Sunday, September 18, 2016

Initial Reaction of Citizen: Most Protruding Details

       Rankine's Citizen is an engaging piece of work that will make you think closely about the world of color, racism and the different contexts in which it appears. My initial impression of the piece was based on a few specific details outlined throughout the diverse style of the book.

       There were three distinct styles of writings I noticed, which alternate a complete cycle by the first half of the book. The first was a sequence of scenarios in which Rankine addresses the audience, (me) the reader, very directly in her segments that place the audience into certain situations by literally addressing the reader with the second person pronoun “you.” (These first occur in Section I and reappear throughout alternating with sections of verse; good examples include pages 12,13, 77). Next appeared the almost analytical essay about Youngman’s Art Thoughtz and Serena Williams which expressed a tone of outrage over the situation and over the ideas posed by Youngman in his distinction between a successful artist and a successful black artist (Section II). Next, Section IV transitions into a more obscure form of poetry. It is no longer clear prose, but full of metaphors and poetic devices.
   
           If you look at the book as a piece in terms of rhetoric, I believe that Rankine uses different mediums of writing to serve as different components of an argument. Her segments of scenarios in prose act as evidence, she does not explain them, but states them. As the reader placed into the scenario, she allows you to enter the scenario and judge the ongoing situation yourself or form you own opinion before the more poetic, metaphorical sections come in to act as a sort of analysis of these events. The scenario sections are merely stated as they are, Rankine’s thoughts about them are not mentioned, but in the poetry sequences, she gives us more of her own thoughts of the situations she posed for us. (75-6, 77) Personally, I think the explicatory sections, section II in particular, was most resembling of a protesting tone.  

            I noticed that a major theme in the sections is seeing or not seeing black, both of which can be a negative thing.
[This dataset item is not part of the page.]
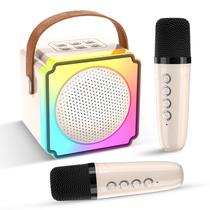 Máquina de Karaokê Portátil Caiord Mini Bluetooth - 2 Microfones Bege Máquina de Karaokê Portátil Caiord Mini Bluetooth - 2 Microfones Bege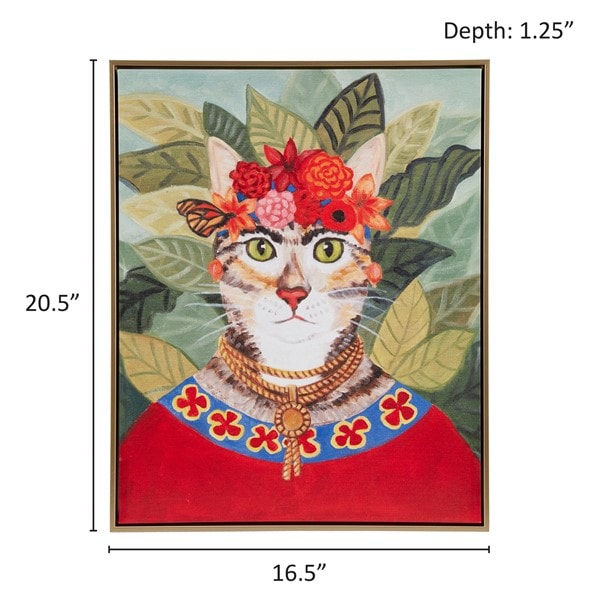 Madison Park Pet Portrait Framed Canvas Wall Art in Bohemian Cat, One Size ID95C-0041 - Image 5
On page 77, the man at the drug store says “No, no, no, I really didn’t see you.” On page 78, the man showing a picture says “She is [beautiful], beautiful and black, like you. It is the implicit invisibility of the person on page 77 and the explicit acknowledgement of the color on page 78 that carries this theme. However, as I was reading page 77, I could also imagine the invisible person to be non-colored because there was no specific description. Now, I wonder, does this book also play on our assumptions as readers? Did we all assume that the invisible person on page 77 is black? Is this a point made in Rankine’s writing, or am I simply out of bounds?


Note: I would also like to discuss the “I” topic on page 71

Works Cited

Rankine, Claudia. Citizen: An American Lyric. Minneapolis: Graywolf, 2014. Print.